**TASK OBJECTIVE:**
Make an exact copy of the whole listing, but leave its pictures out.

==== DATA SEGMENT ====

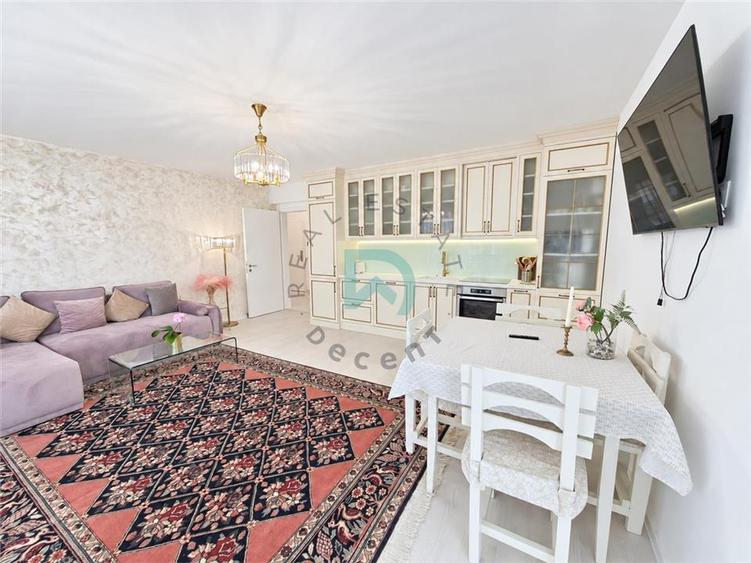 Apartament cu 3 camere decomandat în Tractorul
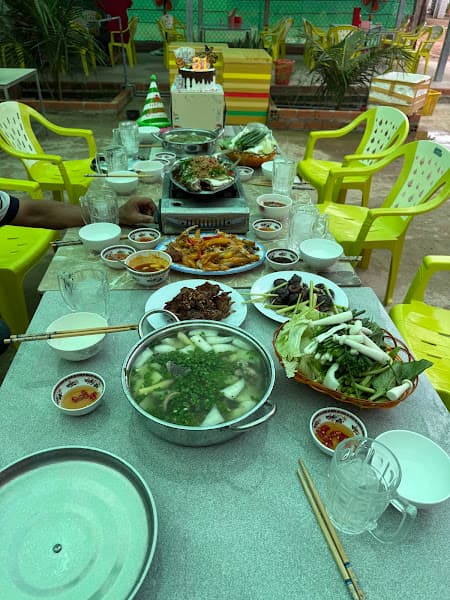 Quán ăn gia đình Dũng Cây Sung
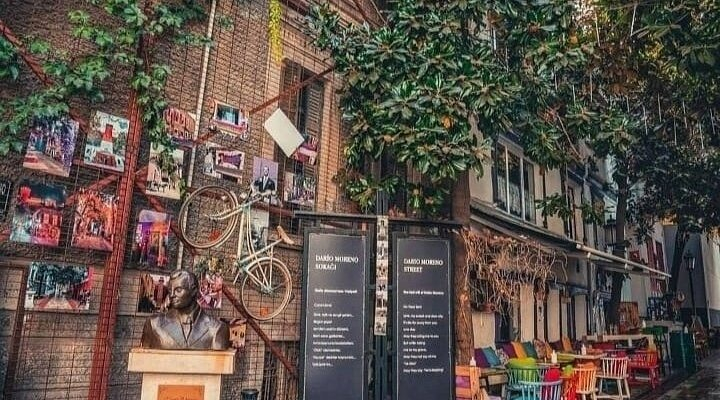 Tarihi Asansör ve Dario Moreno Sokağı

====

**TASK RESULT:**
 Apartament cu 3 camere decomandat în Tractorul
 Quán ăn gia đình Dũng Cây Sung
 Tarihi Asansör ve Dario Moreno Sokağı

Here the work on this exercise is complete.